Après avoir livré sa cargaison, l’USS Indianapolis repart alors pour les Philippines. Peu après minuit, le 30 juillet, le navire est torpillé par un sous-marin japonais. Durement touché, le bateau coule en moins de quinze minutes, emportant avec lui environ 300 membres d’équipage. Les près de 900 autres sont alors laissés à la dérive en pleine mer. Beaucoup mourront de déshydratation et d’empoisonnement à l’eau salée (hypernatrémie), mais plus d’une centaine d’entre eux seront la cible des requins.
Des requins océaniques
Pour chasser, les requins utilisent leur sens de la vue et de l’odorat, mais aussi leur capacité à capter les vibrations de l’eau. C’est probablement ce qui coûta la vie à ces hommes qui se débattaient pour rester à flot.
De nombreuses victimes auraient été ciblées près de la surface de l’eau, conduisant certains experts à suggérer que des requins océaniques (Carcharhinus longimanus) ont été impliqués. Cette espèce, également suspectée dans plusieurs décès suite au naufrage du RMS Nova Scotia en 1942, est en effet connue pour être persistante et imprévisible. Elle n’est pas non plus très farouche, ce qui rend la rend particulièrement dangereuse pour les humains. Il est néanmoins également possible que d’autres espèces aient également participé.

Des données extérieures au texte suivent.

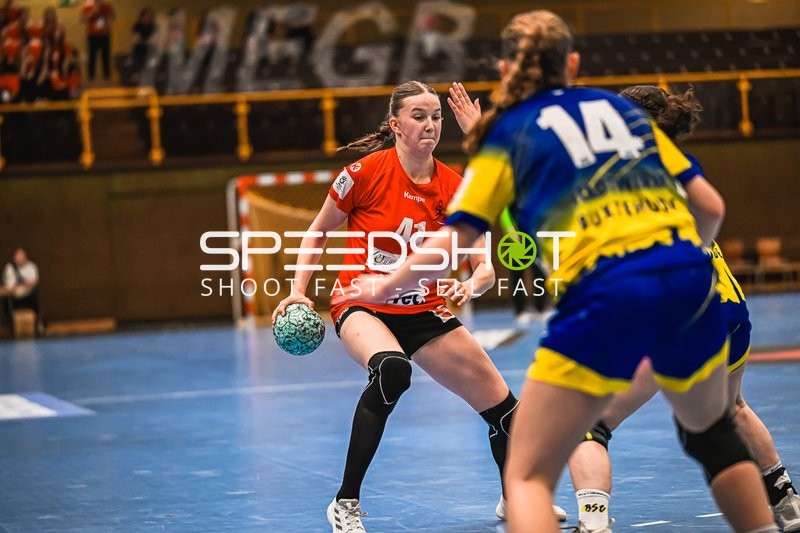 Szene mit Jule-Marie Jördens (41; TV Hannover-Badenstedt U19) und Paula Mews (14; Buxtehude SV U19)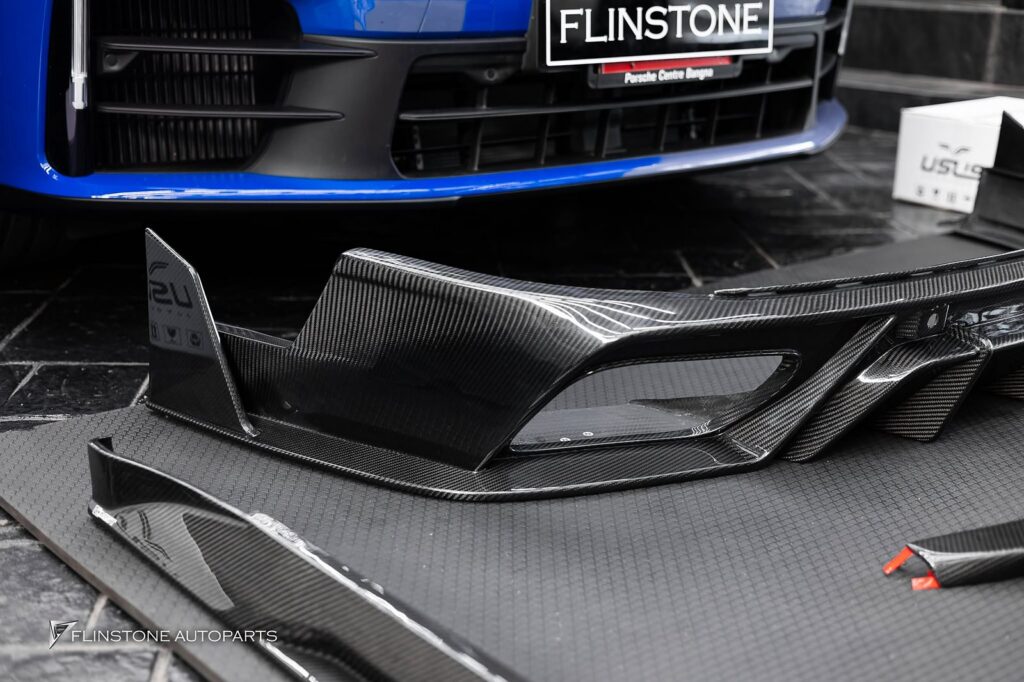 first genuine body kit for PORSCHE 976 Panamera chose carbon parts from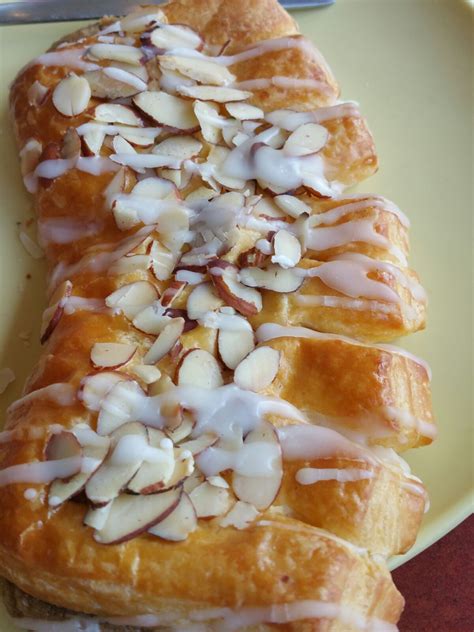 Panera Bear Claw Recipe - Banana-breads.com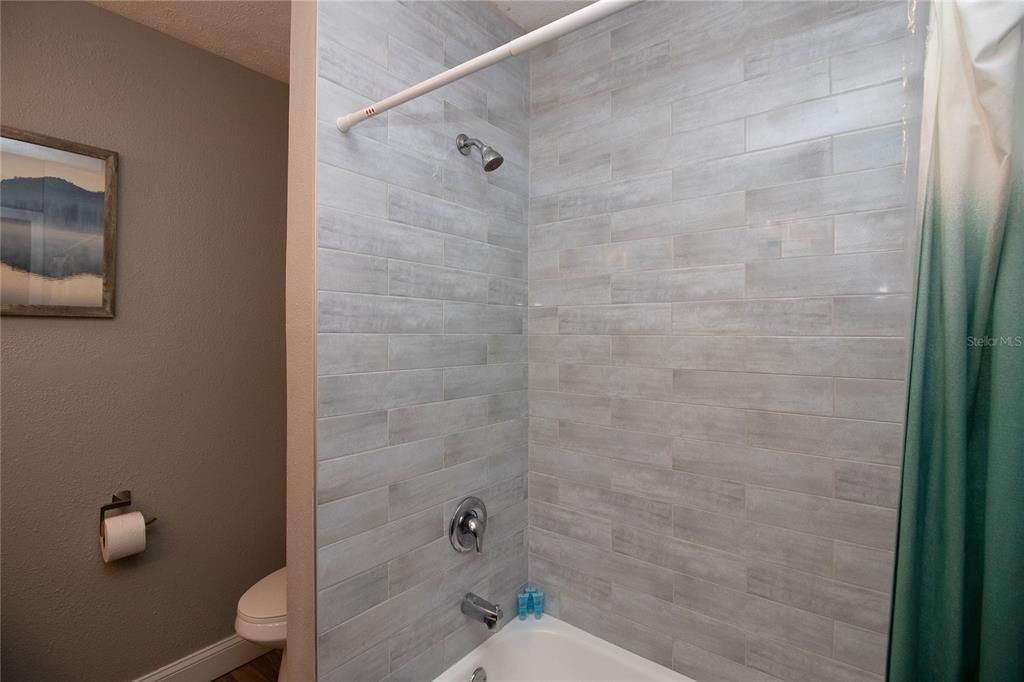 For Rent: $2,000 (3 beds, 1 baths, 1200 Square Feet)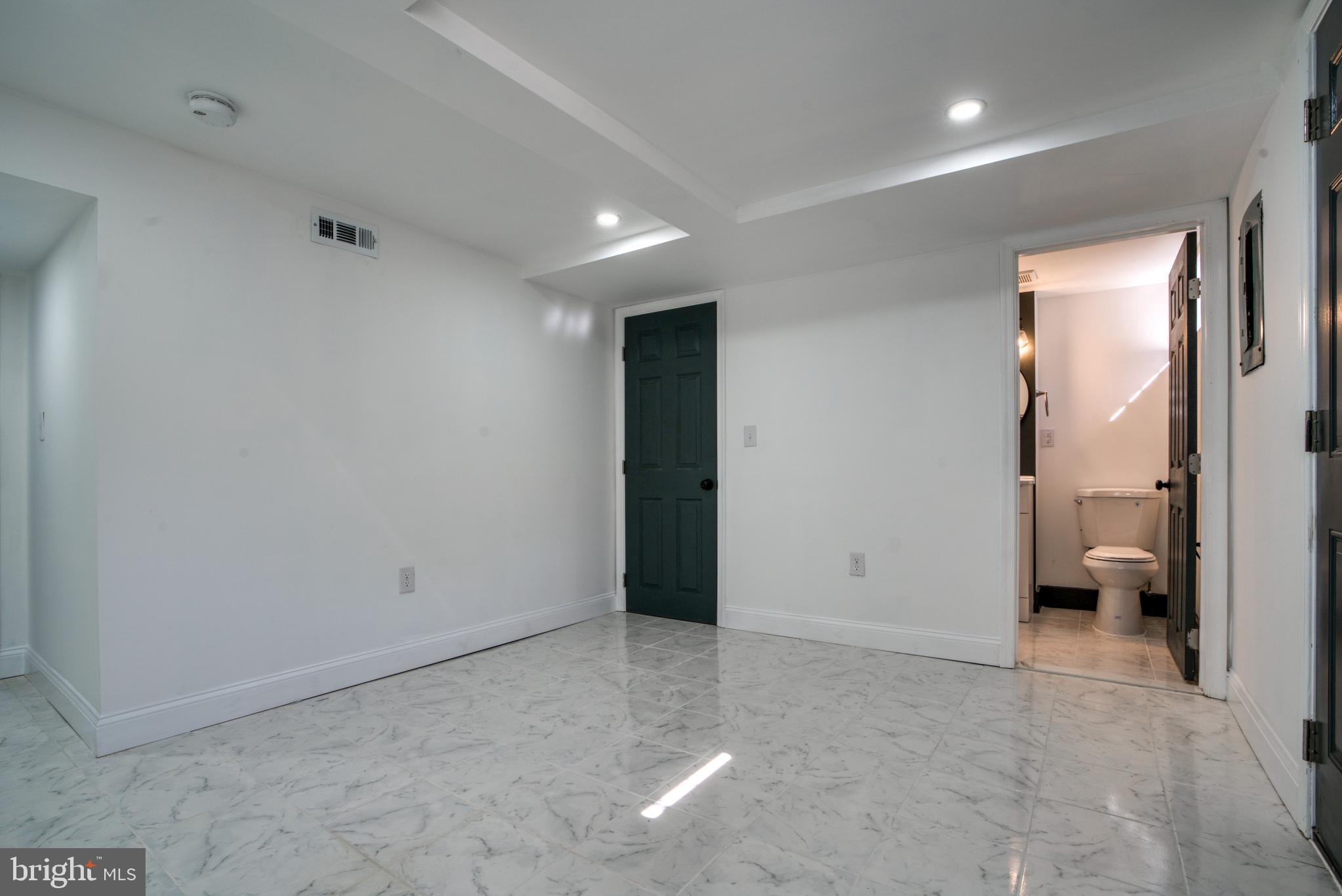 NORTHWOOD - Residential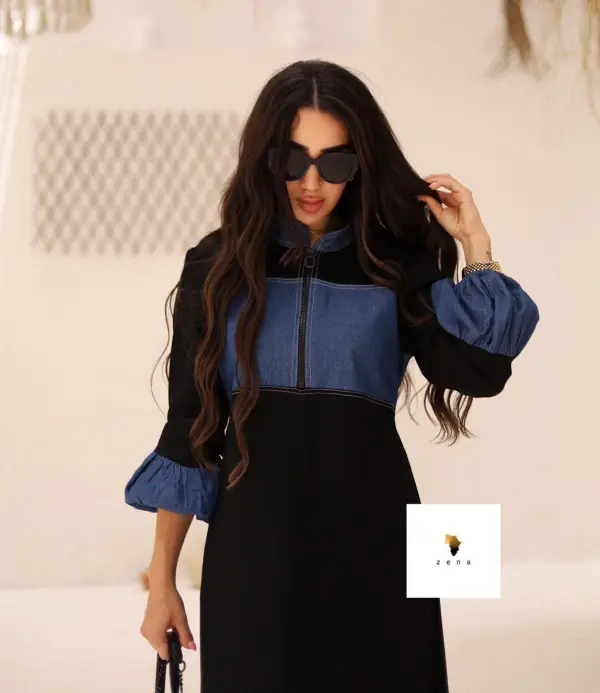 عبايه بخامه الحرير المضلع مطعمه بالجينز المناسب للصيف image 0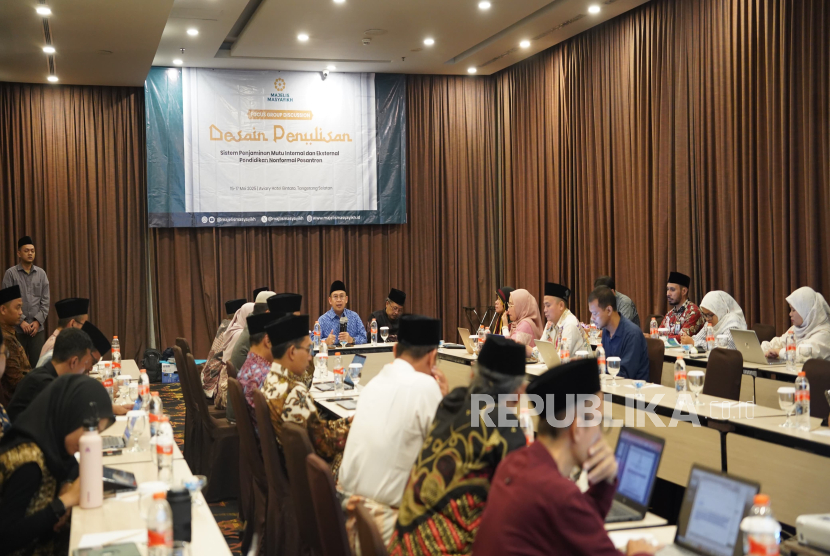 Ketua Majelis Masyayikh, KH. Abdul Ghaffar Rozin memimpin majelis perundingan.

Les survivants de l’USS Indianapolis ont décrit ces attaques de requins comme étant constantes et particulièrement brutales. « Vous entendiez un cri à glacer le sang. Et puis le corps s’enfonçait, et le gilet de sauvetage remontait« , s’était un jour le caporal survivant Edgar Harrell. Certains avaient également trop peur de bouger, de peur d’être ciblés. Selon le rapport d’un autre survivant, l’un des hommes, affamé, aurait également ouvert une boîte de Spam (la ration principale à l’époque), entraînant finalement une « frénésie alimentaire » autour de lui, avant de finir lui-même au menu.
Quatre jours d’enfer
Il aura fallu attendre quatre jours avant que les secours n’arrivent sur place. La marine américaine avait appris la nouvelle beaucoup plus tôt, mais le message d’alerte avait été considéré comme un faux. Les autorités pensaient en effet qu’il s’agissait d’une tentative japonaise d’attirer les bateaux de sauvetage américains dans un piège.
Un avion de la marine volant au-dessus de la zone avait finalement repéré les derniers survivants. Certains ont ensuite été repêchés par un hydravion piloté par le lieutenant Adrian Marks, tandis que d’autres ont été sortis de l’eau par l’USS Cecil J. Doyle. Seuls 316 hommes ont survécu.
L’histoire de l’USS Indianapolis avait ensuite été rendue célèbre par le film « Les Dents de la mer » de Steven Spielberg dans lequel le personnage de Quint, interprété par Robert Shaw, raconte son expérience alors qu’il était à bord de l’USS Indianapolis. Bien que le film ne soit pas complètement fidèle à l’histoire réelle, il a définitivement contribué à populariser la tragédie.